■ Data in this exercise:
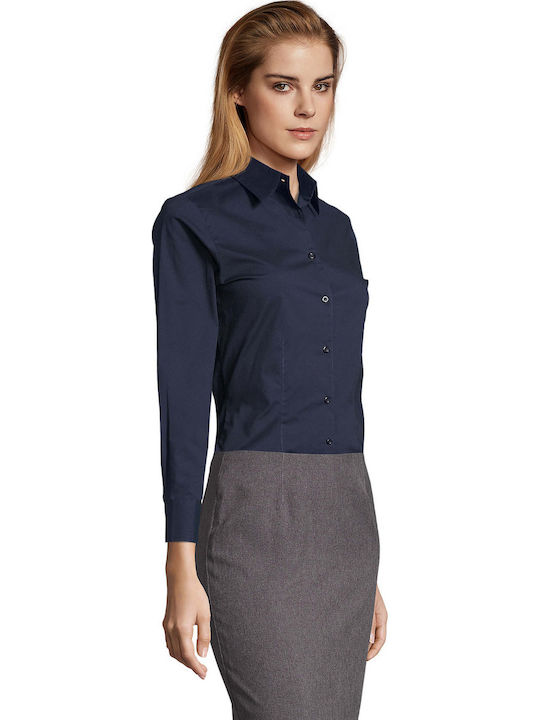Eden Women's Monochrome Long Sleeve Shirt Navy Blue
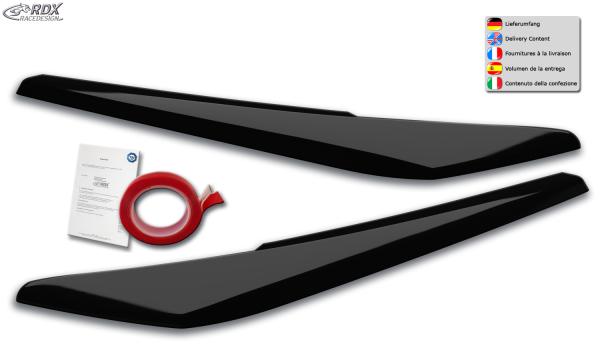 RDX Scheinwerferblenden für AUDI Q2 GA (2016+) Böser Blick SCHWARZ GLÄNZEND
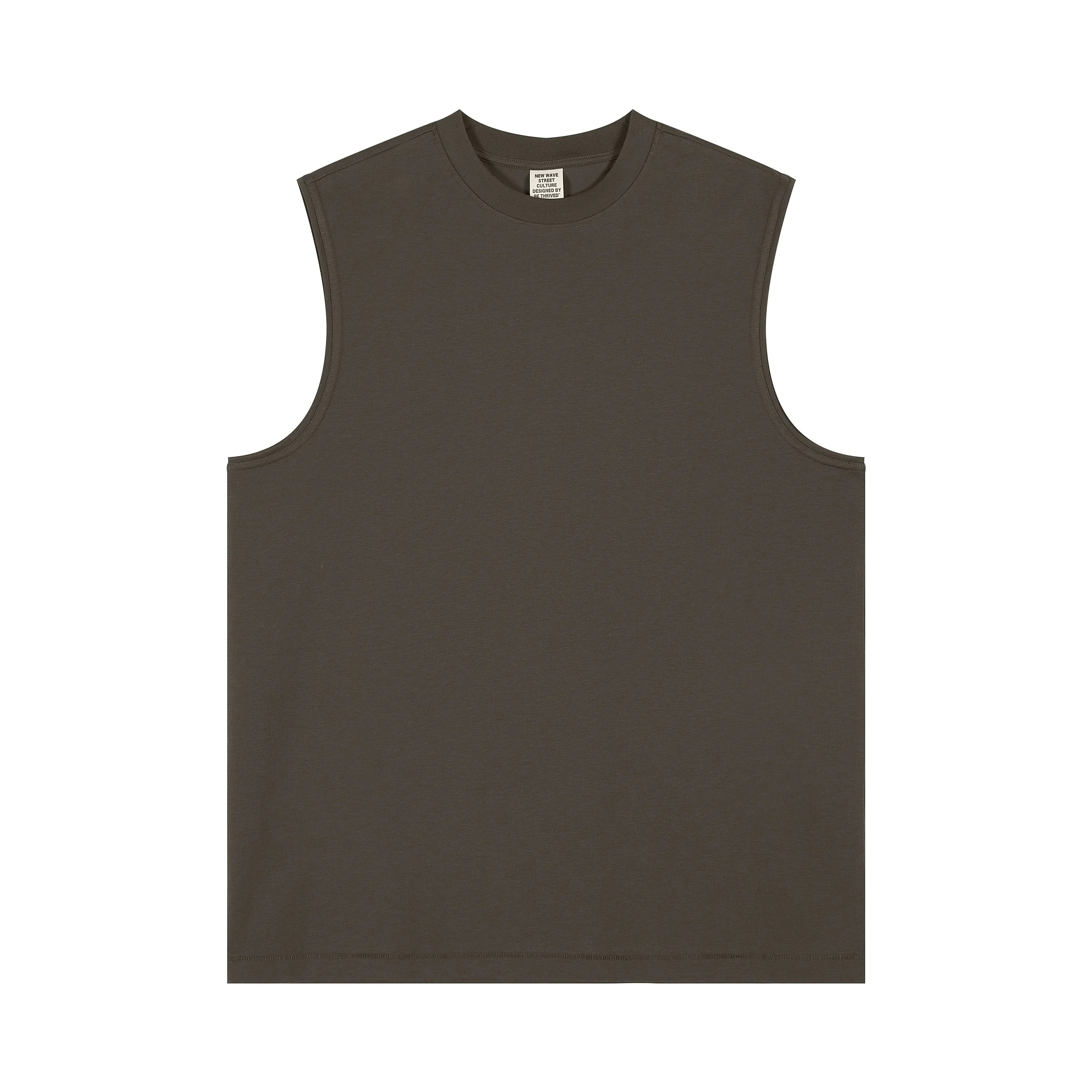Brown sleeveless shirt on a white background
* * *
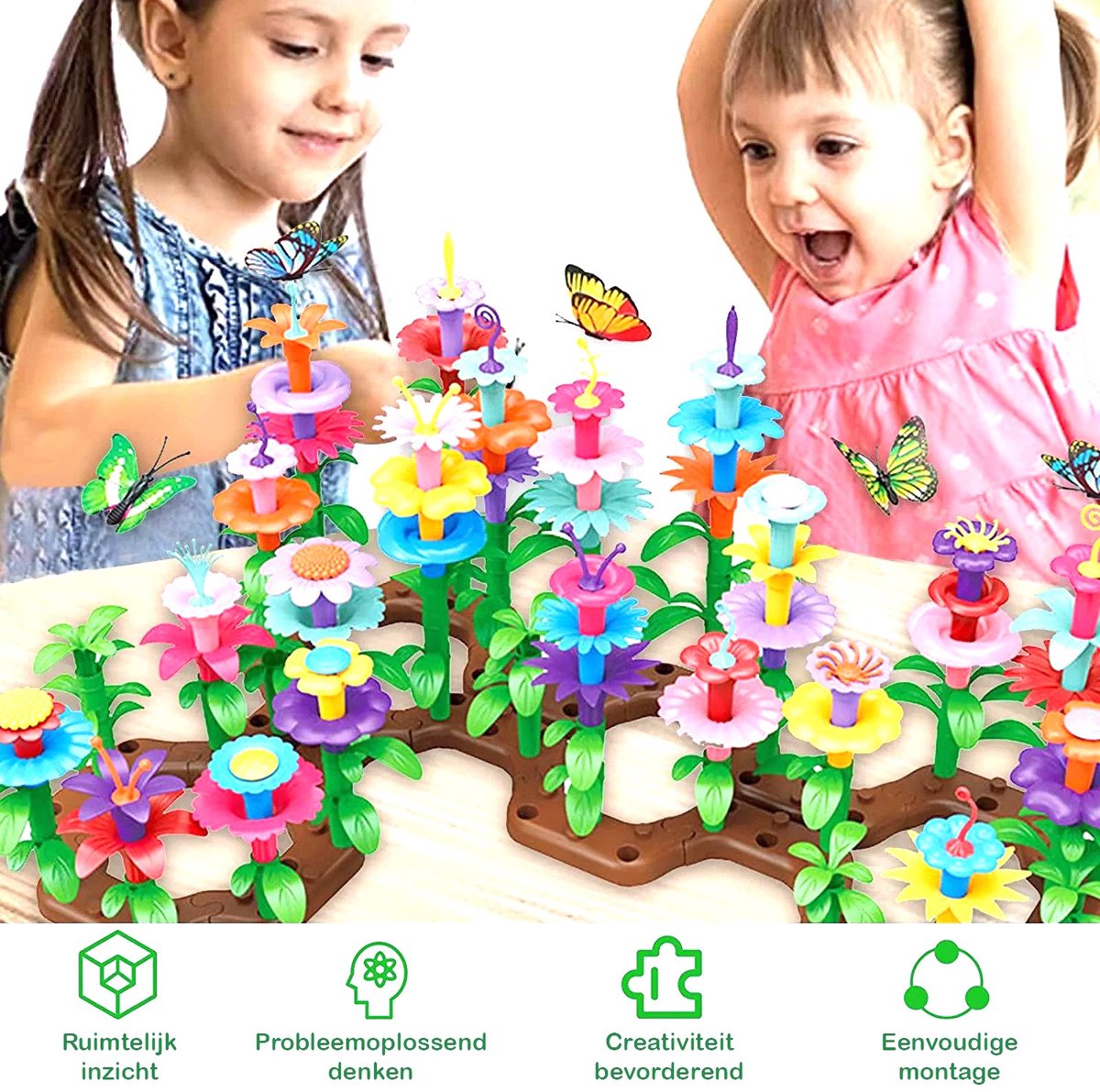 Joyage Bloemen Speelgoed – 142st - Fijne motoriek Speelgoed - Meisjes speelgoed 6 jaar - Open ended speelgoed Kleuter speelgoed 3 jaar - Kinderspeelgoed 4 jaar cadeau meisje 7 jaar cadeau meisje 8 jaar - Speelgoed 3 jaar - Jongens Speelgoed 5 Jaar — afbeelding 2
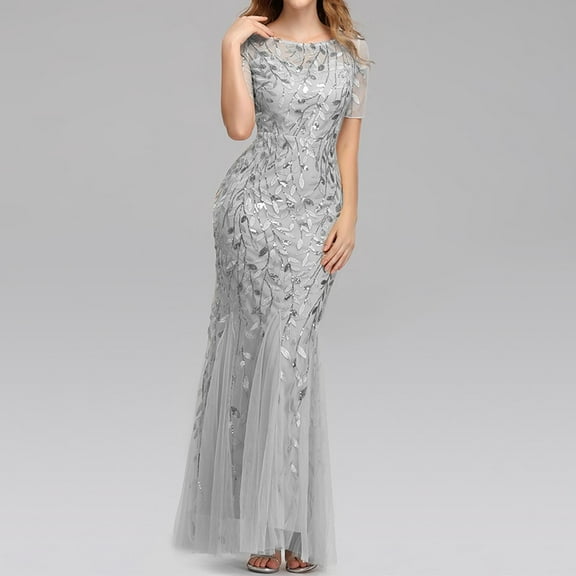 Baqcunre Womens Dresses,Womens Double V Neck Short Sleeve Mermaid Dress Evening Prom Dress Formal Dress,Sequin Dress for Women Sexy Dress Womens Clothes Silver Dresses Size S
* * *
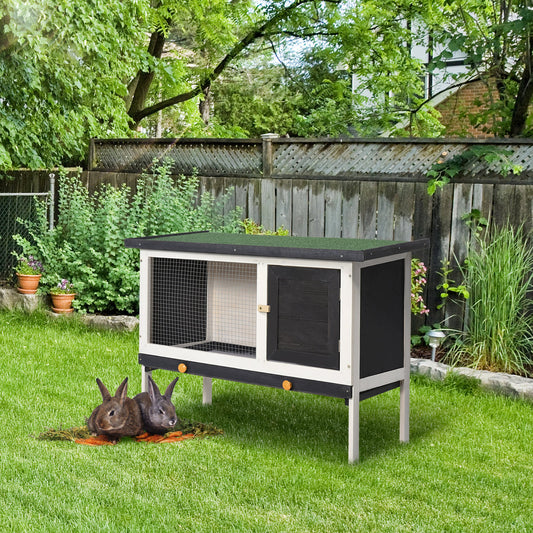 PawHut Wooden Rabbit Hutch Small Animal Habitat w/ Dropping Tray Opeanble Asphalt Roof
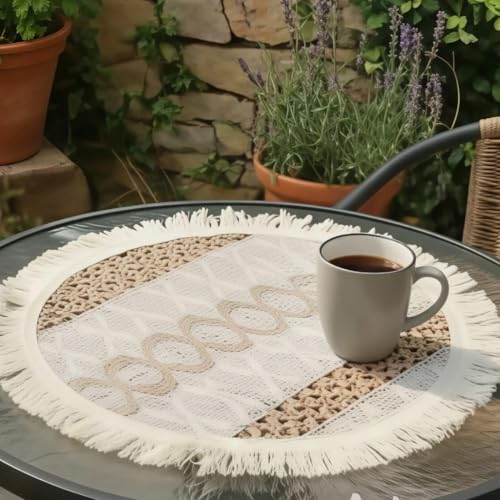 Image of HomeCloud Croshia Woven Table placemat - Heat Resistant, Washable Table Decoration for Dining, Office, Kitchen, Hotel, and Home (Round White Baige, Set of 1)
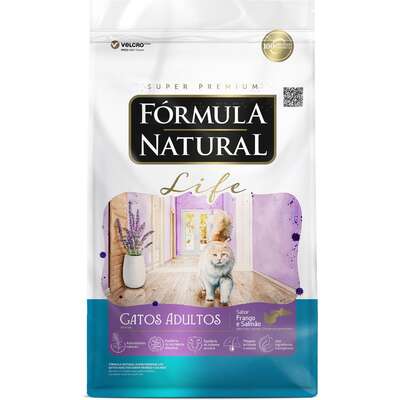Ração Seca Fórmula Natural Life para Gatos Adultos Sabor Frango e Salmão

■ Action item: Now transcribe the lines above exactly, starting at the line containing "Joyage Bloemen Speelgoed" and ending at the line containing "Baqcunre Womens Dresses,Womens", both lines included, pictures excluded.

■ Answer:
 Joyage Bloemen Speelgoed – 142st - Fijne motoriek Speelgoed - Meisjes speelgoed 6 jaar - Open ended speelgoed Kleuter speelgoed 3 jaar - Kinderspeelgoed 4 jaar cadeau meisje 7 jaar cadeau meisje 8 jaar - Speelgoed 3 jaar - Jongens Speelgoed 5 Jaar — afbeelding 2
 Baqcunre Womens Dresses,Womens Double V Neck Short Sleeve Mermaid Dress Evening Prom Dress Formal Dress,Sequin Dress for Women Sexy Dress Womens Clothes Silver Dresses Size S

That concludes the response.